The house fly is one of the most highly-developed insects, with rapid and efficient reproduction. The adult is omnivorous, highly adaptable, and appears to have "the greatest ability to develop resistance to insecticides over the widest geographical area” (Agarwal, 1979: UNEP report).
Resistance to insecticides is an evolutionary process. With hindsight, it is therefore clear why this species has rapidly developed resistance to various insecticides.
The build up of resistance to insecticides, from DDT onwards, was very carefully monitored in Denmark between 1948 and 1992 (Keiding, 1999). Studying resistance in houseflies also enabled decisions to be made regarding resistance prevention in less adaptable (and less easily cultured) insects.
Regular and widespread use of residual insecticides in animal houses in Denmark led to rapid development of resistance, although these treatments remained partially effective for a long period of time.
Key factors were the exposure of sequential generations of semi-isolated populations, with great seasonal fluctuations, to sub-lethal doses of insecticide.
Each such selected (pressurised) population leaves survivors. Some of these flies survived because they carried genetic information which enabled them to deal with the insecticides.
Exposure was repeated with the offspring and the genetic traits strengthened. With time, selection for resistance, and other fitness factors (especially winter hardiness), can overlap so that the final populations are both resistant and fit.
Once this stage is reached, resistance will not disappear when selection pressure stops.
The use of a sugar bait in Denmark, painted on fly resting places, from 1958 onwards, did not induce important resistance. On the other hand, intensive, regular use of aerosols did create resistant populations.
Indiscriminate use of an insecticide with a broad spectrum of activity against adults and larvae is likely to produce resistance against the individual chemical. Killing beneficial mites, wasps, beetles and spiders further aggravates the situation.
Cross-resistance has also become a major consideration, as resistance to older products has been found to confer resistance to newer products.

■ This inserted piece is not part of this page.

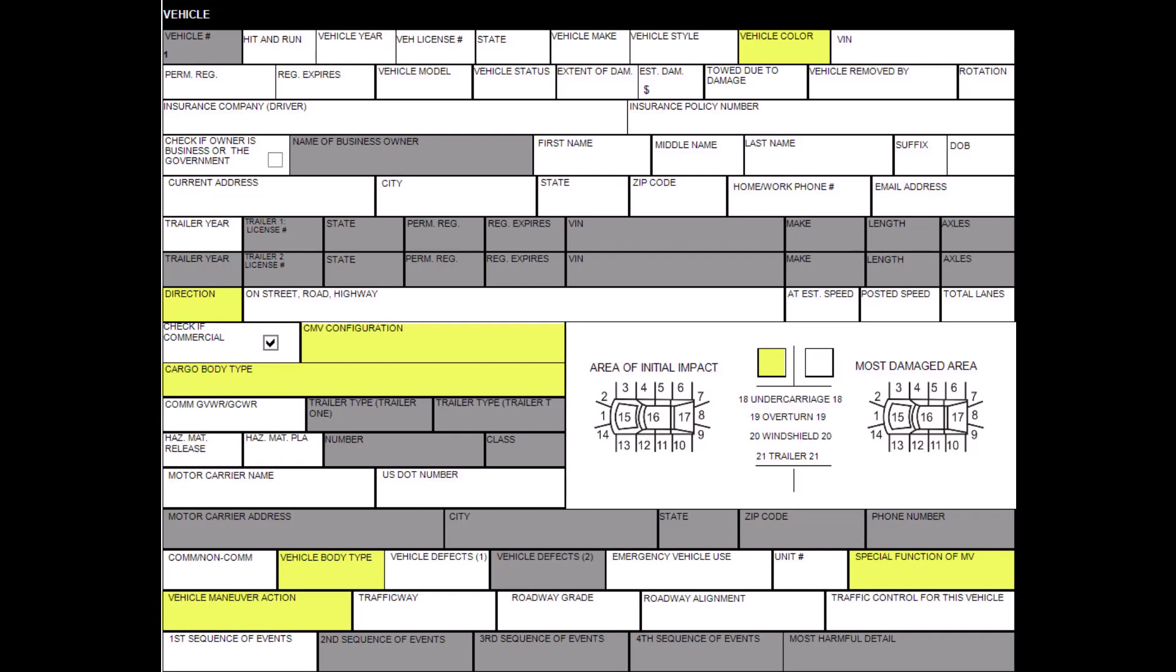If a commercial motor vehicle is involved, the commercial motor vehicle configuration and cargo body type are also required. Once these sections have been completed, the Signal 4 Diagram has all the information needed to generate a diagram.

This can be because the chemicals share a mutual target site within the insect (e.g. DDT and synthetic pyrethroids), or because of broadly effective mechanisms (e.g. penetration resistance), or because specific biochemical mechanisms affect both molecules (e.g. elevated esterase levels).
As resistance combined with fitness tends to be stable in house fly populations, sequential build up of multiresistant strains was seen.
Many factors: genetic, biological and operational play a role in the evolution of resistance (Georghiou & Taylor, 1986). They can be evaluated in a 'Resistance Risk Assessment' (Keiding, 1986).
Novel compounds should be chosen on their ability to kill multiresistant strains and on their lack of resistance development under selection pressure in the laboratory (Keiding et al, 1991, 1992).